It’s “meal-prep Sunday” and you’re trying to spend the day relaxing but you can’t seem to wrap your head around what you’re making for dinner this week. Pre-season sports begin, everyone needs to be somewhere by 6pm, and you’re lucky if you have a mere half hour to throw something healthy on the table; otherwise nobody is eating dinner until 8:30pm.

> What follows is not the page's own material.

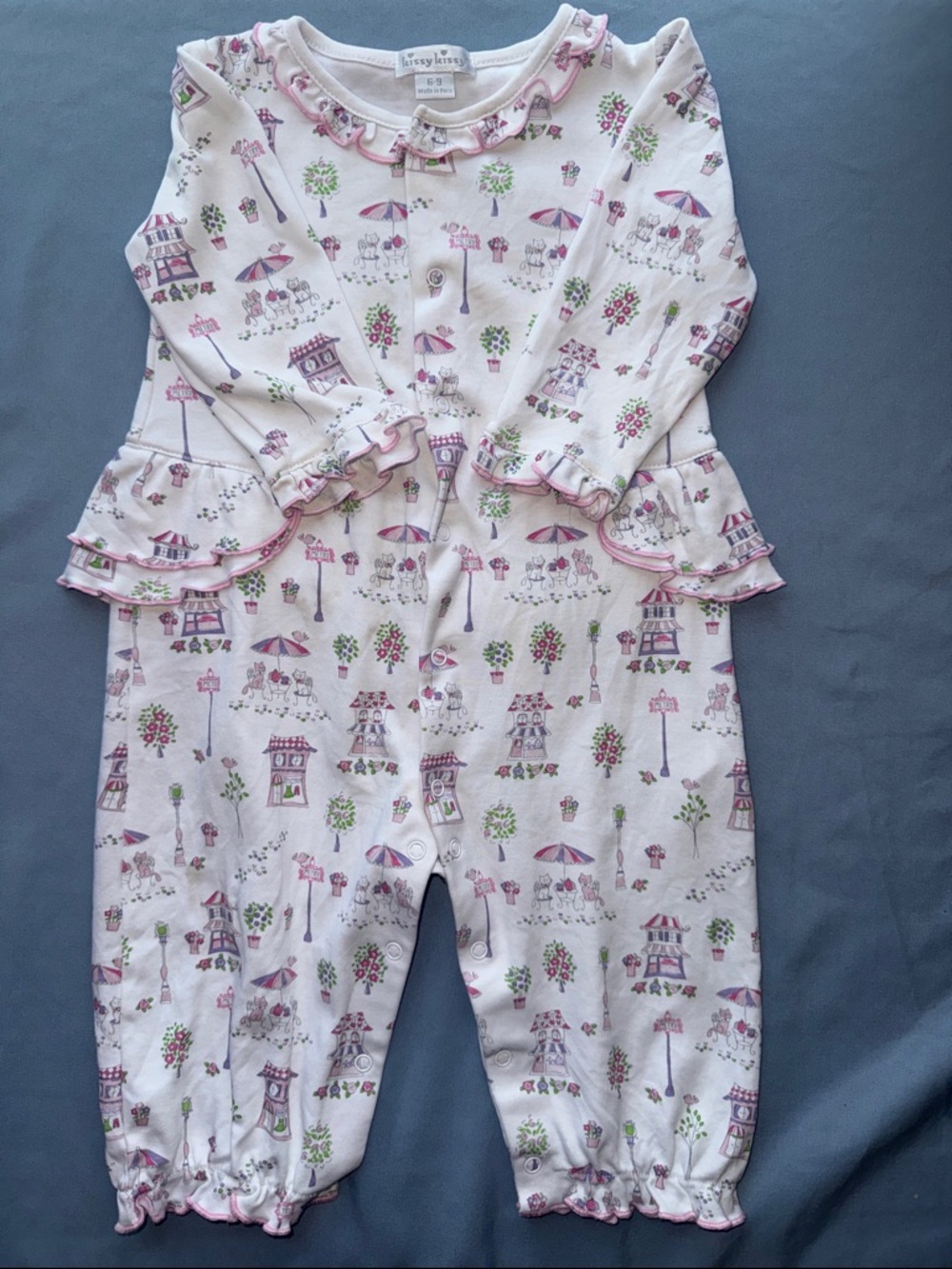 Kissy Kissy Pink & white Market Print Ruffle Footless Romper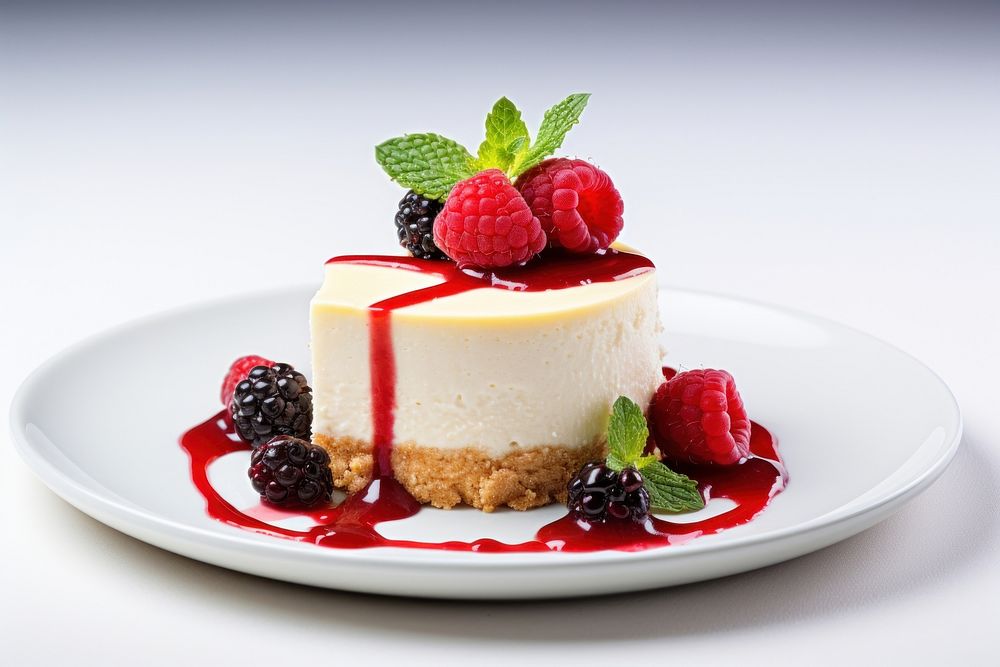 Cheese Cake cheesecake dessert plate. AI generated Image by rawpixel.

Don’t eat anything your great grandmother wouldn’t recognize. That’s a phrase I heard when I first started learning about plant-based nutrition and I think it should be one of the guiding principles in the way we shop for food. All too often as we peruse down the grocery store aisles we are bombarded with choices. Eastern medicine recognizes late summer as a time of “center” as the Earth Element influences two equinoxes and two solstices. Since the premise of plant-based nutrition is to heal with whole foods, I think it’s particularly easy to do at this time of year when food is in abundance. I highly recommend this simple yet bountiful recipe when you’re trying to find something that can be made ahead. It might surprise you how simple it can be to construct a healthy, vegetarian meal from just a few simple ingredients from your summer garden. If you didn’t plant a garden this year, you can easily find these ingredients at all of our local farmer’s markets and grocery stores this time of year. It’s the perfect time of year to test out the “meal-prep Sunday” and give “meatless Monday” a try.
This “deconstructed” lasagna is courtesy of my friend Nancy, a native of Berks County and a professionally trained chef who has lived abroad and been graced with over 30 years of cultural experiences cooking for the rich and famous. Her affinity for delicious ingredients and beautiful presentations is evident with every meal she prepares. Thank you, Nancy, for sharing this simple, yet magical recipe. It definitely allows my meal-prep Sunday to be just a little more relaxing during the summer months.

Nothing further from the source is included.